Segundo ela, a Polícia Civil procura provas materiais, como imagens das câmeras de segurança de imóveis próximo ao local onde a festa foi realizada e também perto da república onde a moça acordou.
A delegada orienta que em caso de estupro a vítima vá imediatamente à delegacia registrar boletim e não se desfaça de provas como as peças de roupas usadas no momento do crime sexual. “As roupas contêm a prova absoluta da autoria do crime. Por mais difícil que seja, uma vez que o ato aconteceu, preserve a roupa e leve-a à delegacia porque as peças serão periciadas e podemos ter mais agilidade no processo”, orienta.
Casos de assédio moral e importunação sexual são mais difíceis de ter provas materiais.  “Não se desespere. Veja se existem testemunhas e se no local existe câmeras para trazer essas informações pois a nossa dificuldade é justamente identificar a pessoa”, comenta.

Atlética divulga nota oficial
Em nota, a Atlética XII de Março confirmou que tomou conhecimento sobre um caso de assédio sexual ao qual descreveu como “atitudes inadequadas e escolhas erradas”. 
No texto, a equipe pede desculpas públicas a todas as atletas, estudantes e mulheres que, em algum momento ou situação, tenham se sentido ofendidas por práticas não condizentes com o espírito da organização. Conforme a direção, o envolvido foi desligado de qualquer vínculo com a atlética. Além da demissão, a equipe se colocou à disposição da aluna para prestar apoio no âmbito psicológico e jurídico. A Tribuna entrou em contato com o presidente da entidade para tentar falar com o suspeito de assédio, contudo, não teve resposta.

Direção da UTFPR vai desenvolver ações preventivas
O diretor-geral da UTFPR, Marcelo Ferreira, disse que tomou conhecimento apenas de uma situação de assédio e que entrou em contato com a aluna oferecendo apoio. “Como diretor, preciso deixar claro que a Atlética é uma associação de alunos, é não tem nada a ver com a estrutura da universidade. “A atlética contrata os profissionais liberais fazem contratos e esses profissionais dão treino a eles. O grupo usa a estrutura da cidade e ocupa os espaços para fazer esse treino.

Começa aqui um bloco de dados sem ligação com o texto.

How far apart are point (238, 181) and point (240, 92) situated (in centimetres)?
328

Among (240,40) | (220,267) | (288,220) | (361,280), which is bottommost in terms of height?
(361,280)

Não é nenhum serviço da UTFPR. Não existem recursos direcionados a isso”, afirma.
Segundo o diretor, serão desenvolvidas ações junto ao Núcleo de Apoio Psicopedagógico (Nuap) para combater esse e outros tipos de crime, com palestras de conscientização. “A universidade não admite nenhum tipo de injustiça, agressão, muito menos abuso, violência, somos contra e combatemos veementemente esse tipo de situação.